======== Exercise input ========

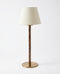 Portable Bamboo Table Lamp - Linen Drum Shade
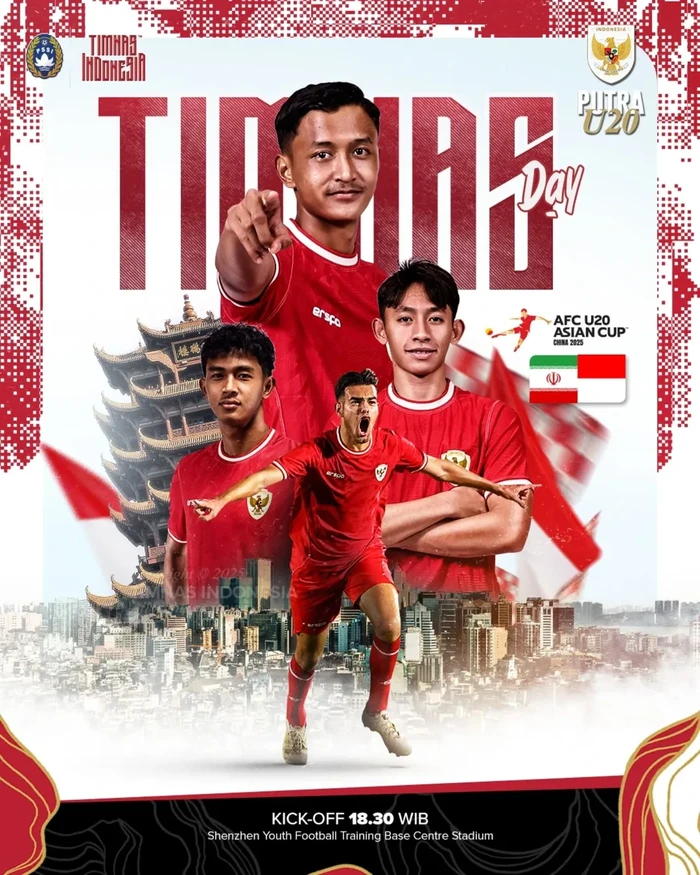 Timnas Indonesia U-20 Vs Iran U-20 di Piala Asia U-20 2025.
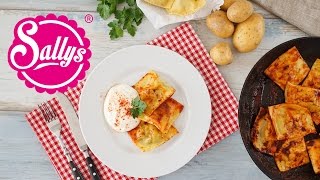 Würzige Maultaschen mit Kartoffelfüllung  vegetarisch  Sallys Welt [upl. by Ynaiffit780]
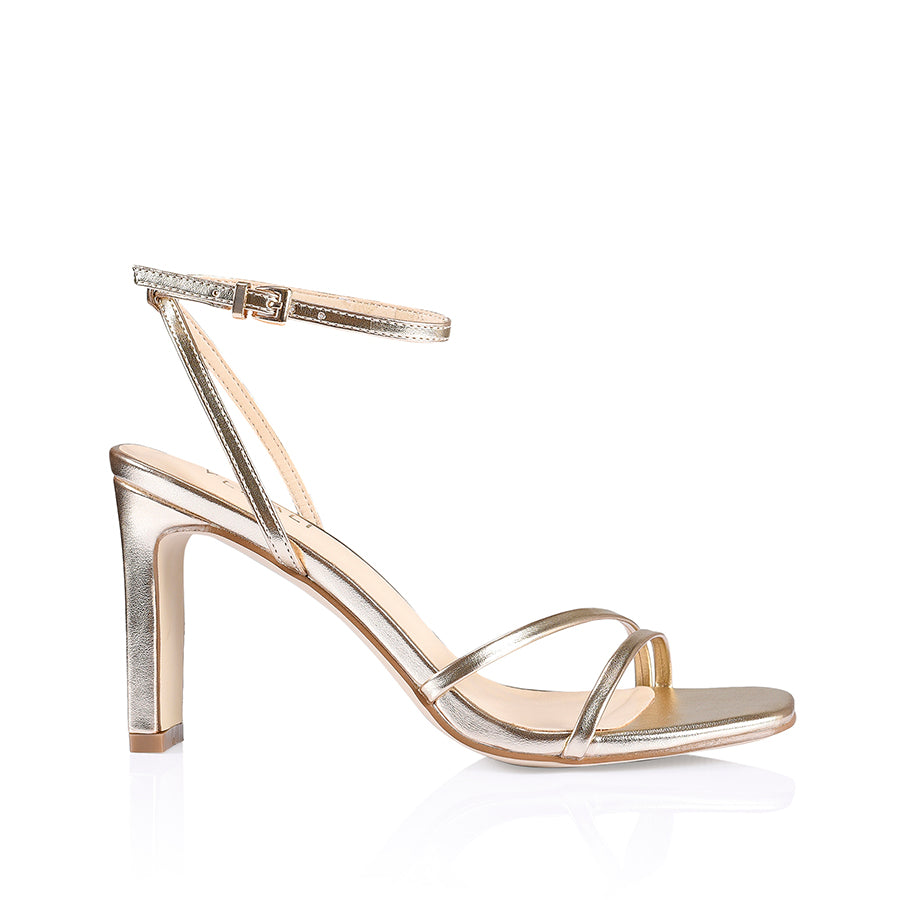 Champagne hot sale strappy sandals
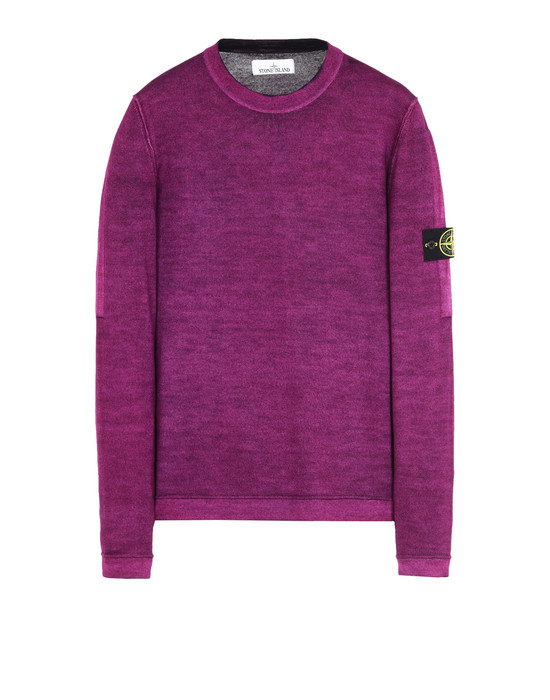 39861827ox - ТРИКОТАЖ STONE ISLAND Свитер 571A8 FAST DYE + AIR BRUSH STONE ISLAND - 0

========

Retype the line containing "Würzige Maultaschen mit" and all lines after it through the end of the material, exactly and only those, leaving out pictures.

Answer box
 Würzige Maultaschen mit Kartoffelfüllung  vegetarisch  Sallys Welt [upl. by Ynaiffit780]
 Champagne hot sale strappy sandals
 39861827ox - ТРИКОТАЖ STONE ISLAND Свитер 571A8 FAST DYE + AIR BRUSH STONE ISLAND - 0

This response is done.